- [What needs to be done] Reproduce the following data exactly, minus any images.

Segment Start: Task data

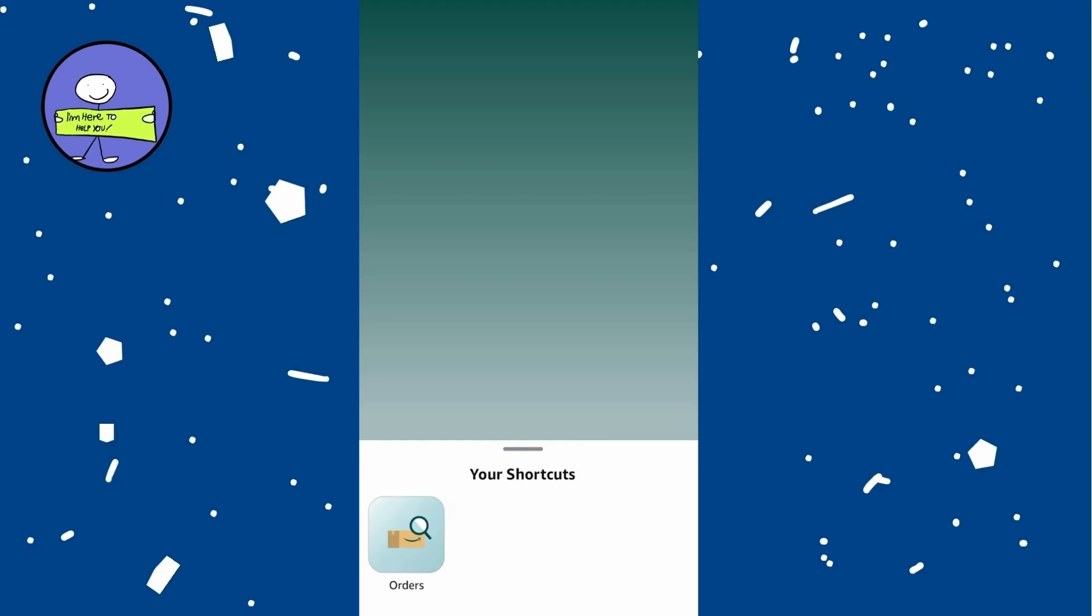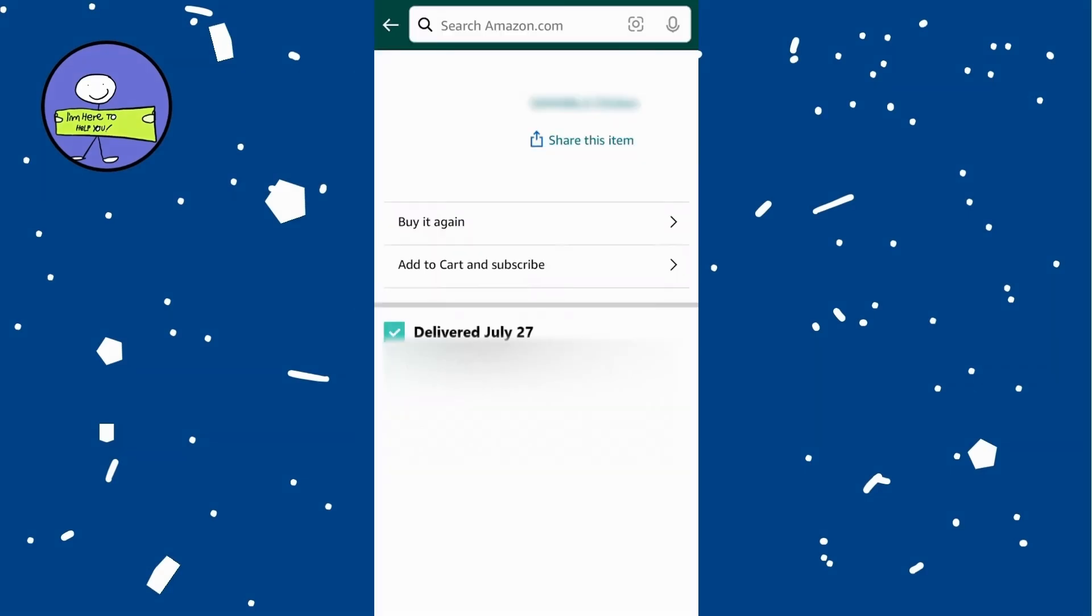This may be labeled under shortcuts at the bottom left. In your order section you will see a list of recent purchases.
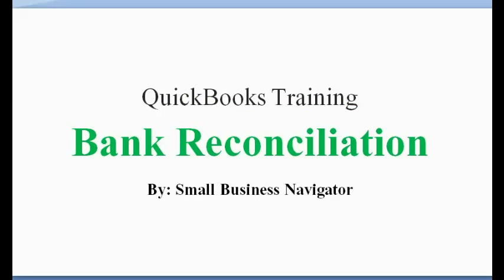QuickBooks Training Bank Reconciliations by Small Business Navigator. Hi, this is John Whiteley and in this video we're going to review the important considerations for reconciling a bank account and also show a clip on doing an actual bank reconciliation in QuickBooks.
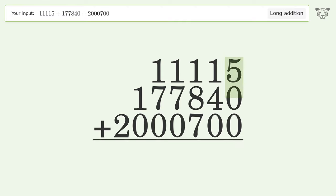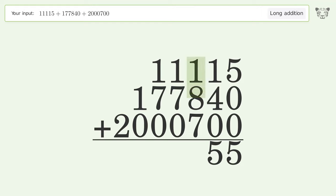5 plus 0 plus 0 equals 5. 1 plus 4 plus 0 equals 5. 1 plus 8 plus 7 equals 16. Carry 1 to the thousands place.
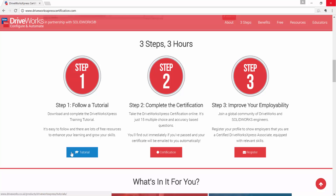Step one: download and complete the DriveWorks Express training tutorial. It's easy to follow and there's lots of free resources available to enhance your learning and grow your skills.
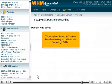This completes the tutorial. You now know how to set up and edit domain forwarding in WHM.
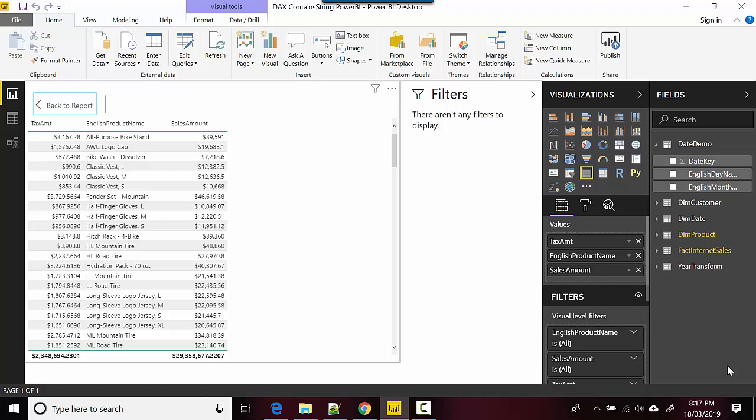Hey everyone, in this video we will learn about DAX function called CONTAINSTRING. For example, if you want to check a particular string to see if it contains some text or not, this is the DAX function to do it.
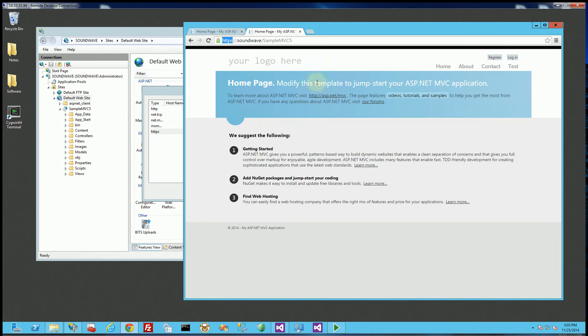So there you go that's how you set up HTTPS and thank you for watching.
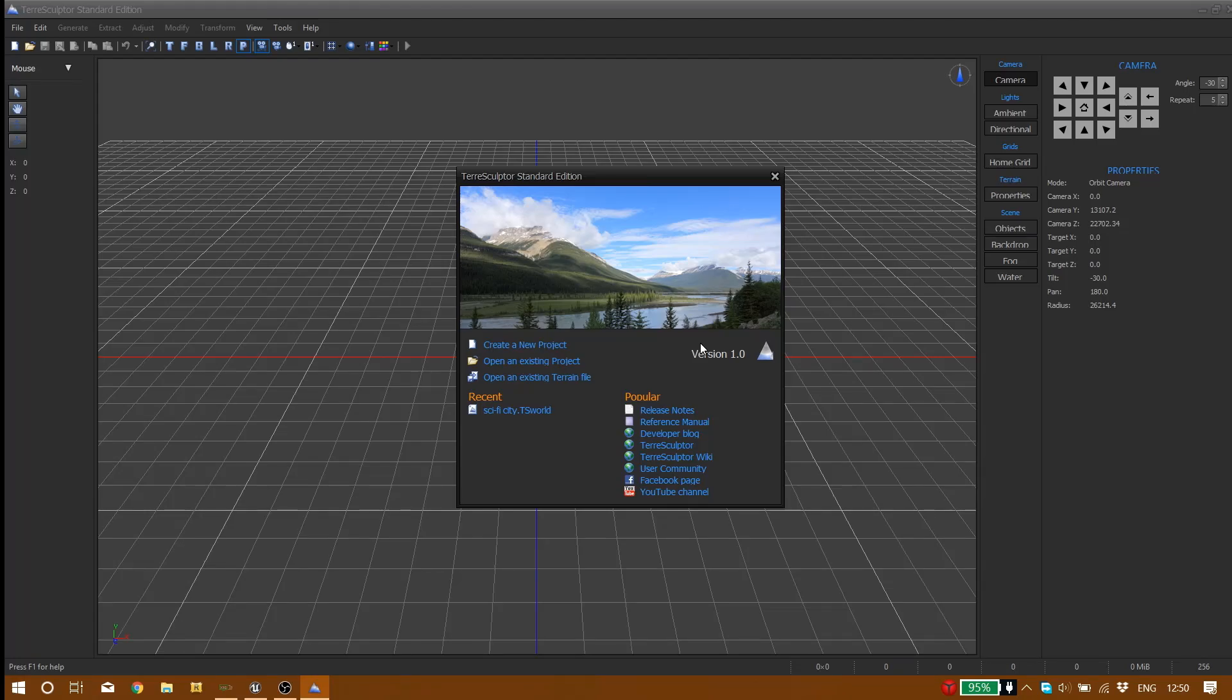Hello guys, welcome to today's tutorial. In this tutorial I'm going to show you how to make realistic landscapes in just a few minutes using TreeSculptor app, which is a super great software. It's very useful and it's free.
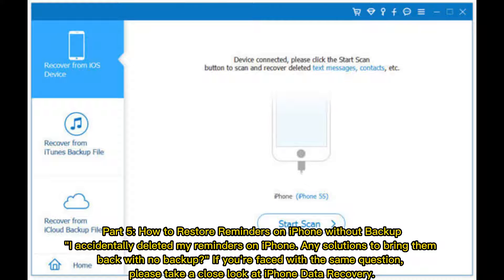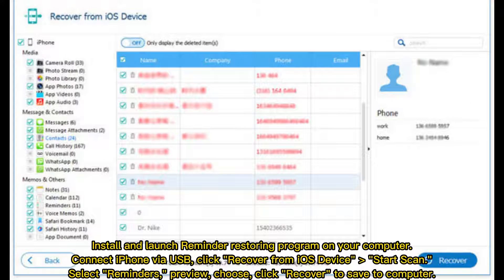Part 5: How to restore reminders on iPhone without backup. If you accidentally deleted reminders and have no backup, use an iPhone data recovery program. Install and launch the reminder-restoring program on your computer, connect your iPhone via USB, click Recover from iOS Device, start the scan, select Reminders, preview and choose the items, then click Recover to save them to your computer.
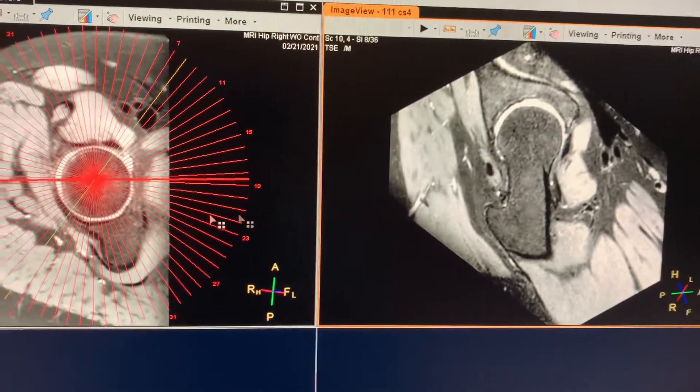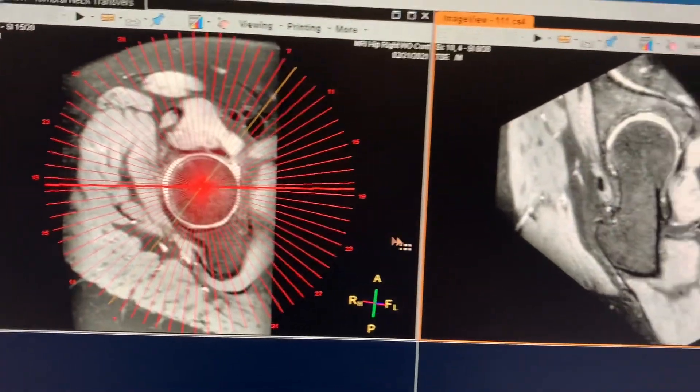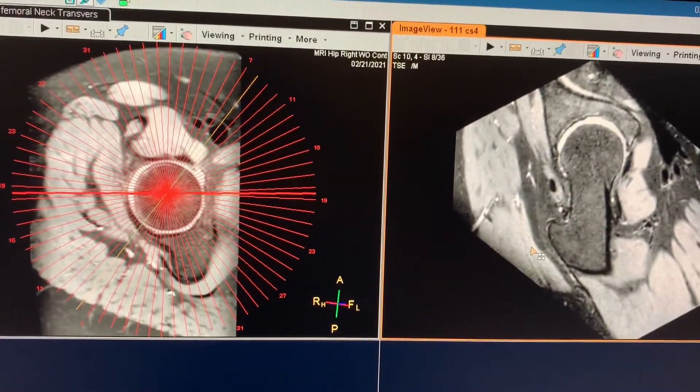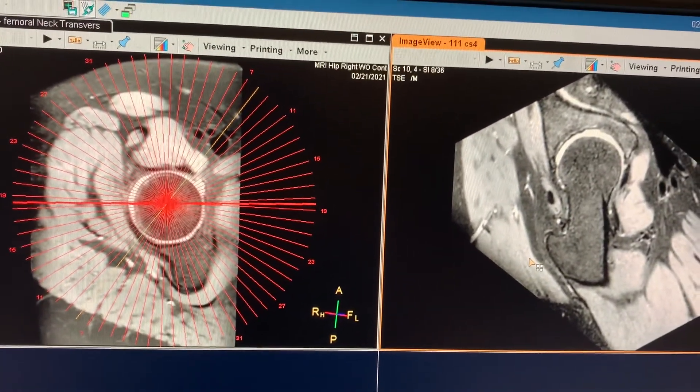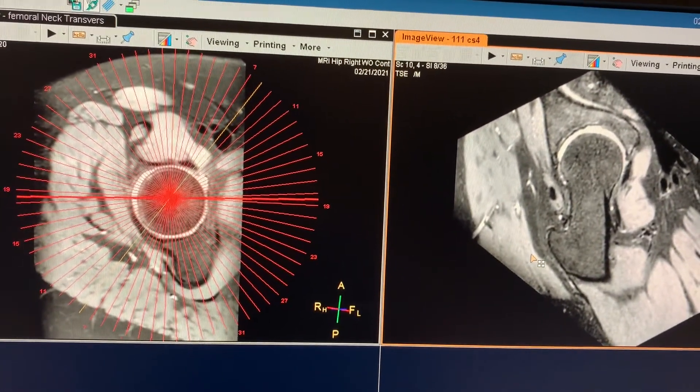Send both sequences to PACS and you're all done. Thanks for watching.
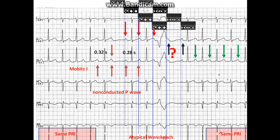There is one more thing this strip can teach us. As mentioned, most textbooks will tell you Mobitz 1 is a progressive prolongation of the PR interval until you encounter a non-conducted P wave. However, in this case, the PR intervals at the beginning and latter part of the strip are the same — but prolonged.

Segment End: Task data

- [The completed task]
This may be labeled under shortcuts at the bottom left. In your order section you will see a list of recent purchases.
QuickBooks Training Bank Reconciliations by Small Business Navigator. Hi, this is John Whiteley and in this video we're going to review the important considerations for reconciling a bank account and also show a clip on doing an actual bank reconciliation in QuickBooks.
5 plus 0 plus 0 equals 5. 1 plus 4 plus 0 equals 5. 1 plus 8 plus 7 equals 16. Carry 1 to the thousands place.
Step one: download and complete the DriveWorks Express training tutorial. It's easy to follow and there's lots of free resources available to enhance your learning and grow your skills.
This completes the tutorial. You now know how to set up and edit domain forwarding in WHM.
Hey everyone, in this video we will learn about DAX function called CONTAINSTRING. For example, if you want to check a particular string to see if it contains some text or not, this is the DAX function to do it.
So there you go that's how you set up HTTPS and thank you for watching.
Hello guys, welcome to today's tutorial. In this tutorial I'm going to show you how to make realistic landscapes in just a few minutes using TreeSculptor app, which is a super great software. It's very useful and it's free.
Part 5: How to restore reminders on iPhone without backup. If you accidentally deleted reminders and have no backup, use an iPhone data recovery program. Install and launch the reminder-restoring program on your computer, connect your iPhone via USB, click Recover from iOS Device, start the scan, select Reminders, preview and choose the items, then click Recover to save them to your computer.
Send both sequences to PACS and you're all done. Thanks for watching.
There is one more thing this strip can teach us. As mentioned, most textbooks will tell you Mobitz 1 is a progressive prolongation of the PR interval until you encounter a non-conducted P wave. However, in this case, the PR intervals at the beginning and latter part of the strip are the same — but prolonged.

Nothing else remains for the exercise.